Continuous Learning in a Time of Continuous Change

data science
using R
rstats
teaching
learning
career
professional development
Author

Martin Monkman

Published

2022-06-03

A long-form version of my presentation at the Statistical Society of Canada conference on 2022-06-03, one of the invited panelists on “Maintaining Relevancy Through New Tools, Data Science and Data Visualizations”.


Abstract

Continuous Learning in Times of Continuous Change

It’s a universally accepted truism that we live in a time of unprecedented change, both in terms of the magnitude and the pace of those changes. In the world of statistics, there have been enormous changes at the intersection of tools, methodologies and techniques, and transparency. New software packages, new ways to analyze data, and new open data arrive every day, each of which have implications for how we approach our professional development. In this talk, I will present observations drawn from applied statistical practice and teaching mid-career professionals that suggest possible responses that will allow us to keep pace with a perpetually shifting ecosystem.

L’apprentissage continu en période de changement permanent

C’est un truisme universellement accepté que de dire que nous vivons une époque de changements sans précédent, tant en termes d’ampleur que de rythme de ces changements. Dans le monde des statistiques, les outils, les méthodologies, les techniques et la transparence ont connu d’énormes changements. De nouveaux logiciels, de nouvelles méthodes d’analyse des données et de nouvelles données ouvertes arrivent chaque jour, chacun ayant des implications sur la manière dont nous abordons notre développement professionnel. Dans cet exposé, je présenterai des observations tirées de la pratique de la statistique appliquée et de l’enseignement à des professionnels en milieu de carrière qui suggèrent des réponses possibles qui nous permettront de suivre le rythme d’un écosystème en perpétuelle évolution.

Traduit avec www.DeepL.com/Translator (version gratuite)


Stephen Leacock, on getting his Doctor of Philosophy:

The meaning of this degree is that the recipient of instruction is examined for the last time in his life, and is pronounced completely full. After this, no new ideas can be imparted to him. 1

Career

Leacock was, as we shall see later, clearly being ironic, and of the opposite opinion about learning. Our brains are never full, and in our field, we cannot afford for them to be full, whether we have a PhD or (as in my case) not.

I have been doing this thing we call “applied statistics” or “data science” for a few years, and things have changed since I started.
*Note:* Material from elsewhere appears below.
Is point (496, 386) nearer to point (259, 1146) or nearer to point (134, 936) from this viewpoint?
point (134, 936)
In the first computer science classes I took at university, we used punch cards to write our programs, and in my first “statistics for geographers” class we also had data encoded on punch cards.

computer punch card

When I started at BC Stats in 1993, we relied on 10 1/2-inch (270 mm) data tapes to transfer large data files. (When I say “large”, I mean roughly 150 megabytes.) Literally big data, before we had a name for such a thing.
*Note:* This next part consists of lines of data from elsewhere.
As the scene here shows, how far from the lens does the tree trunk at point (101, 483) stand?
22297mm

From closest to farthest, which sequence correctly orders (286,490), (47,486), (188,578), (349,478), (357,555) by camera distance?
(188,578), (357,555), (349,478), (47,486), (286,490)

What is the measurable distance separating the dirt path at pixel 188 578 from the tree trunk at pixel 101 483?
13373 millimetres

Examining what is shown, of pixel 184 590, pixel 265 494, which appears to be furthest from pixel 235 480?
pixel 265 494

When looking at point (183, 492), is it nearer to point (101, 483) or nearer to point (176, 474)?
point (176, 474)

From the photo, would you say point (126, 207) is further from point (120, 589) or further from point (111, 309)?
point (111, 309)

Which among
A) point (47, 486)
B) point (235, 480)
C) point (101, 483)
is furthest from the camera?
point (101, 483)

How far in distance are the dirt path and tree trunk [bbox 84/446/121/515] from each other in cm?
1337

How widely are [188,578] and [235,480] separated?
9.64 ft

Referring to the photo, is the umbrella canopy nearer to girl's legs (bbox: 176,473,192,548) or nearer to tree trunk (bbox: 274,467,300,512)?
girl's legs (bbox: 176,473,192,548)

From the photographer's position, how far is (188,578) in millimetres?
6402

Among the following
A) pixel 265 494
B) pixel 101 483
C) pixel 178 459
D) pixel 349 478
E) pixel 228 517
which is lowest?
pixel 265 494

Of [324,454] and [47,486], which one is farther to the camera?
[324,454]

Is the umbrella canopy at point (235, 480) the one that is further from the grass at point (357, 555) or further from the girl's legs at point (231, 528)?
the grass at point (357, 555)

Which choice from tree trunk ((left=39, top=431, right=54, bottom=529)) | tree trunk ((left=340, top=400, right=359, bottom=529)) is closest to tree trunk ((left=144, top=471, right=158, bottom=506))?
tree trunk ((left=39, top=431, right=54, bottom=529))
10 1⁄2-inch (270 mm) diameter reel of 9-track tape Source: Wikipedia

And I remember word processors before WYSIWYG, and spreadsheets before GUI.
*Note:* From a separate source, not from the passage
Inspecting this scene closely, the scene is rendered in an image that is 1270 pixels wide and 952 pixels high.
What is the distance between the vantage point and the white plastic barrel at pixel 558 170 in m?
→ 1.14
At the same time, our statistical methods were constrained by the limitations of the tools. Markov chain Monte Carlo (MCMC) methods provide a good example. As Christian Robert and George Casella have written, the paradigm shift of MCMC methods trace back to 1953, but it wasn’t until 1990 that the theory and the necessary computing power converged2

Dear Reader: In 20 or 30 years, you will be the grizzled veteran, telling stories about the technological and methodological limitations of today…

An interconnected change has been the move towards incorporating reproducibility (that is, “the computations can be executed again with identical results.”3) The requirements of reproducible science are such that our workflows have had to change, using tools that give us the ability to create better documentation and version control.

I present these as examples as what has changed over the span of my career. We have adapted to typing our instructions into script files, downloading data from websites, pointing and clicking our way around our spreadsheets, and happily adding new methods to our approach to statistical analysis and data science.

A paradigm shift

But there has been—or perhaps, more accurately, we are in the midst of—a paradigm shift. And it’s not just the fact that the tools, methods, and workflow have changed, it’s that they now continuously change.

Let’s think about software, and how commercial products slowly evolved. As one example, when I was in graduate school, we were using SAS version 6, which lasted a dozen years with . SAS 6.01 had been released in July 1986 and it wasn’t until October 1998 that version 7 arrived. Under the SAS/STAT label, the version releases are coming on an annual or biennial cycle. The current version of SAS/STAT, 15.2, was released nearly two years after 15.1.

Open source software, by way of contrast, is in a constant state of development. In the R ecosystem, one I am familiar with, the core of R changes slowly. Updates come every six months or so, and the team of developers are mindful of the introduction of breaking changes.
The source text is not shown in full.